At odd, unpredictable hours, often in the middle of the night, Miscavige would show up in the Hole, accompanied by his wife, Shelly, and his Communicator, Laurisse Stuckenbrock, each of whom carried a tape recorder to take down whatever Miscavige had to say. The detainees could hear the drumbeat of the shoes as Miscavige’s entourage marched toward the trailers. The leader demanded that the executives engage in what were termed “séances”—endless hours of confessions about their crimes and failures, in this and previous lives, as well as whatever dark thoughts—“counter-intentions”—they might be harboring against him. If someone was not forthcoming with such confessions, the group would harass that person until he produced a confession. Sometimes these were sexual fantasies. That would be written up in a report, which Miscavige would then read aloud to other church officials.

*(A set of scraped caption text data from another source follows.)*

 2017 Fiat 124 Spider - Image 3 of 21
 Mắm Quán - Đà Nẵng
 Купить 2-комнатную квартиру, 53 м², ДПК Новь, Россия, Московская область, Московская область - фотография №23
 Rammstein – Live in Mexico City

The entire base became paralyzed with anxiety about being thrown into the Hole. People were trying desperately to police their thoughts, but it was difficult to keep secrets when staff members were constantly being security-checked with E-Meters. Even confidences whispered to a spouse were regularly betrayed. After one of COB’s lengthy rants, recordings of his statement would be sent to a steno pool, then transcripts were delivered to the executives in the Hole, who had to read them aloud to each other repeatedly.

Mike Rinder was in the Hole for two years, even though he continued to be the church’s chief spokesperson. Bizarrely, he would sometimes be pulled out and ordered to conduct a press conference, or to put on a tuxedo and jet off to a Scientology gala; then he would be returned to confinement. He and other executives were made to race around the room on their hands and bare knees, day after day, tearing open scabs on their knees and leaving permanent scars. Miscavige once directed De Vocht to rough up Rinder, because “he’s just an SP.” De Vocht took Rinder outside and gave him a going-over. But De Vocht was also frightened of Miscavige. He took to sleeping with a broken broom handle. When another executive spoke up about the violence, he was beaten by two of Miscavige’s assistants and made to mop the bathroom floor with his tongue.

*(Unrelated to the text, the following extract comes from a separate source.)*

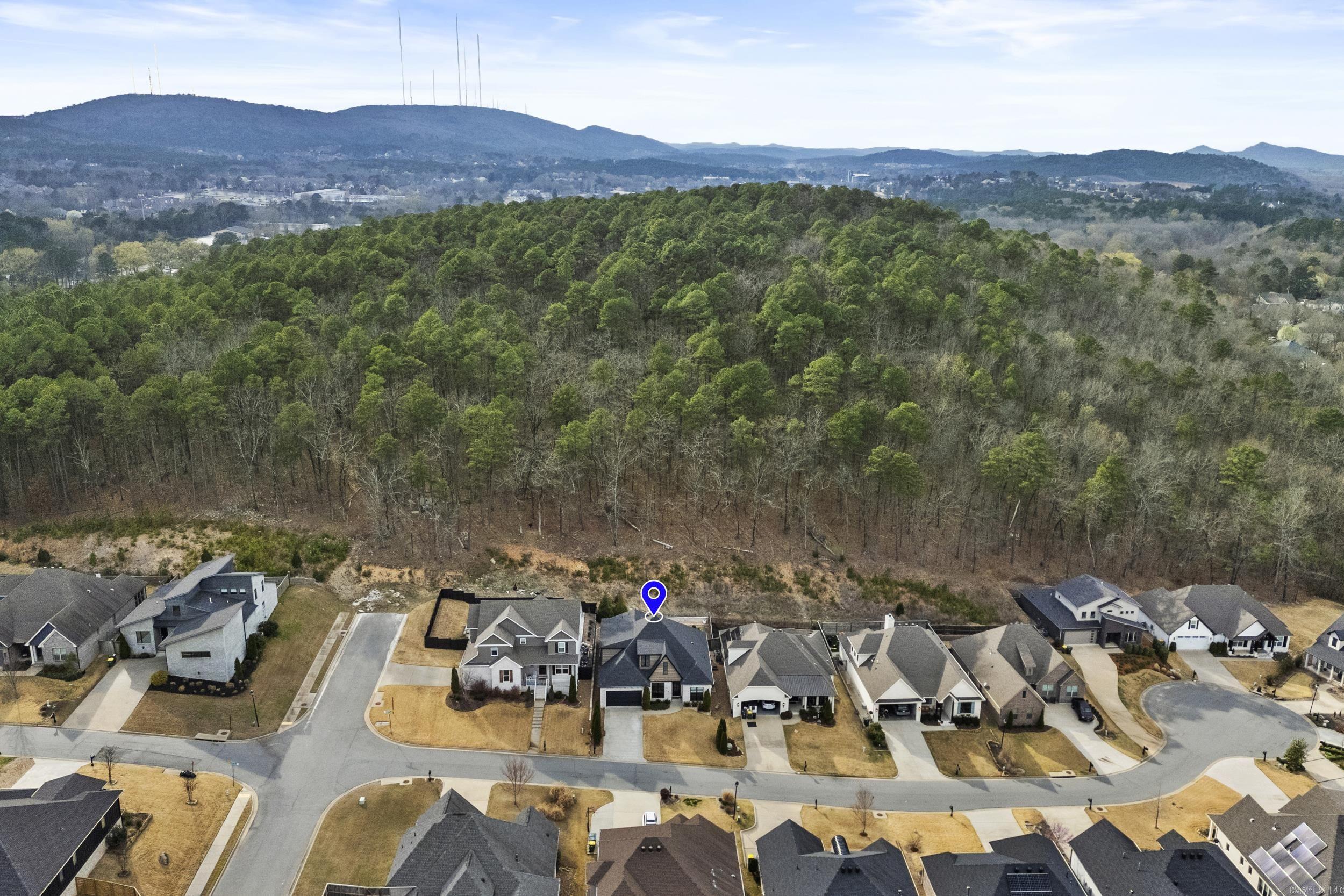 4 Tupelo  Little Rock, AR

Mike Rinder, former chief spokesperson for the church, in Florida, 2012

The detainees developed a particular expression whenever Miscavige came in, which he took note of. He called them “Pie Faces.” To illustrate what he meant, Miscavige drew a circle with two dots for eyes and a straight line for a mouth. He had T-shirts made up with the pie face on it. Rinder was “the Father of Pie Faces.” People didn’t know how to react. They didn’t want to call attention to themselves, but they also didn’t want to be a Pie Face.

In Scientology, there is a phrase that explains mob psychology: Contagion of Aberration, meaning that groups of people can stimulate each other to do things that are insane. According to former church executives, one day Miscavige arrived at the Hole and demanded that Marc Yager, the Commanding Officer of the Commodore’s Messengers Org, and Guillaume Lesevre, the Executive Director of the Church of Scientology International, confess that they were homosexual lovers. He threatened that Tom Cruise would come to “punch you guys out” if the other Sea Org members in the Hole failed to get a confession from the two men. The captive executives took this threat seriously. When Miscavige left, a group of women executives who had been appointed as leaders of the detainees urged some of the bigger men in the Hole to “give some people some black eyes before Tom has to.” Several men dutifully beat up Lesevre and Yager. Then one of the women reported to Miscavige that the men had confessed that they were gay lovers. When Debbie Cook, the former Captain of Flag Service Org and one of the most respected executives in the church, said that wasn’t true, she was declared a traitor. She was made to stand in a garbage can for twelve hours, as the other detainees demanded that she confess her own “homosexual tendencies.” The women in the room repeatedly slapped her and poured water over her head. A sign was hung around her neck, saying LESBO.